The Islamic creationists may have been hideous at science, but they were damned good musicians. Very catchy song, excellent beat, and quite fun. One of the verses was asking how people could worship someone as lame as Jesus and said how much cooler Islam is, which made me LOL. At the end of the presentation, I was going to get in line to meet them and say that they have much better music than Christian creationists, but that’s all they have going for them, then decided against as the line was long and it wasn’t that important.

So that’s it. That’s Chantix so far. I’m enjoying the dreams enough that I have a suspicion I’ll be sleeping more than I should. I’ll try not to let that interfere with blogging. Much. As far as other side effects: none. No nausea, no life-threatening skin conditions, no other problems. Still smoking, but it takes about a week before the drug starts doing its thing. We’ll see if the urge is reduced once the dosage goes up on Tuesday.

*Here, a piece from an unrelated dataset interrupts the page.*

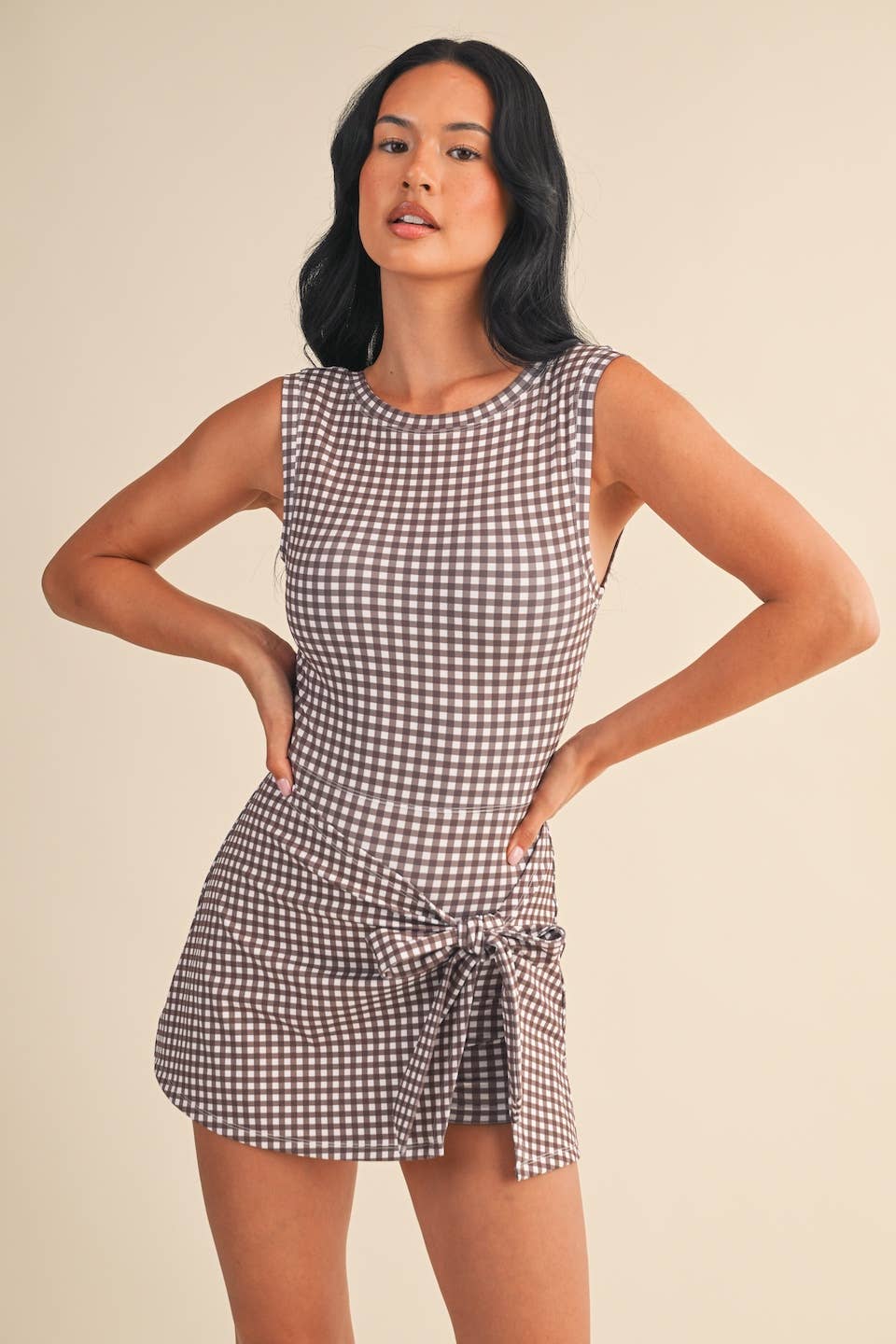 KIMBERLY C - Wholesale Athletic Dress - Women's - Gingham Print Sleeveless Wrap Tie Front Dress 9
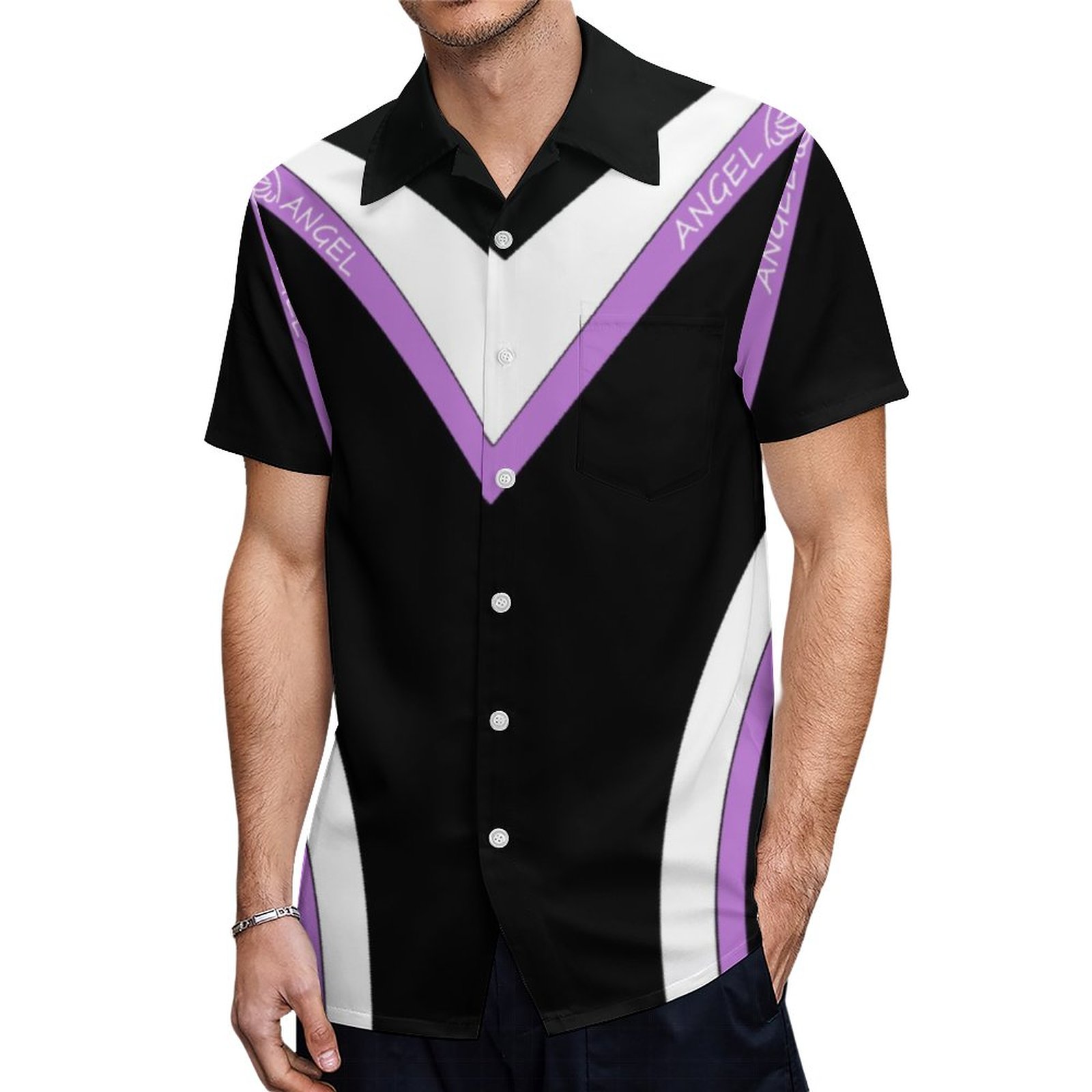 Palisade Designs Angel Purple Ribbon Flow Hawaiian Shirt Mens Button Down Tropical Hawaii Beach Shirts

Because reading about other people’s dreams is boring, I’ll take this opportunity to answer a few reader questions.

Hotshoe said on my “I’m Back” post, “Hey, cool rocks. What I want to know is did you find the geocache?”

We didn’t, on account of not looking, but the gentleman looking for it did. You can see him to the right in this photo, looking for it:

Geocaching bystander at Erratic Rock State Natural Site.

Poor Lockwood was about to fall over by that point. Comes to that, so was I.

RQ said in the answer to the geologic riddle, “Wow, yay us smarty-pants, do we get a prize? Like another riddle or something? :)”

I have got another riddle coming. Lockwood and I are still mulling over how to present it, but yes, you will have another riddle. Probably more than one, as I sort through various adventures with riddles in mind.

In the same thread, F asks, “Do we have any idea when the stratum this was found in was formed and and under what conditions?”

Lockwood certainly does, and I’ll have him answer in some detail. I’m not sure of the age – I believe he said it was formed around the Pleistocene. This is on Quartzville Drive, and we’ll have a map as soon as I can dragoon Cujo into making one. We’ve got mileage and stuff: it’s 11.2 miles from Green Peter Dam, and would have been an early stop if we hadn’t missed it on the way in. We dropped by at the end of the day, when we were all exhausted and not thinking clearly. The outcrop is listed in the field trip guide (item 17) as “a roadcut in which sandstone, siltstone, and volcanic material are exposed as bedded units. Note the eastward dip of the beds. At the east end of the roadcut the sedimentary sequence is overlain by a basalt flow. The black layer which separates the two units is a paleosoil horizon which was baked by the heat of the basalt flow. This soil zone contains some petrified wood fragments.” They got the sandstone, siltstone, and volcanic material all right, but that massive stone above isn’t basalt – it’s a debris flow. It is manifestly a debris flow. Which means the wood was already burnt when it was buried, possibly in a forest fire. So you’ve got a paleosol with large trees growing in it, which were burned, and then a massive debris flow buried them before they could rot away. Silica got down in that charcoal and turned it into something seriously hard. The whole outcrop lithified, and the debris flow is solid enough now that some experienced geologists have mistaken it for a lava flow. Kinda nifty!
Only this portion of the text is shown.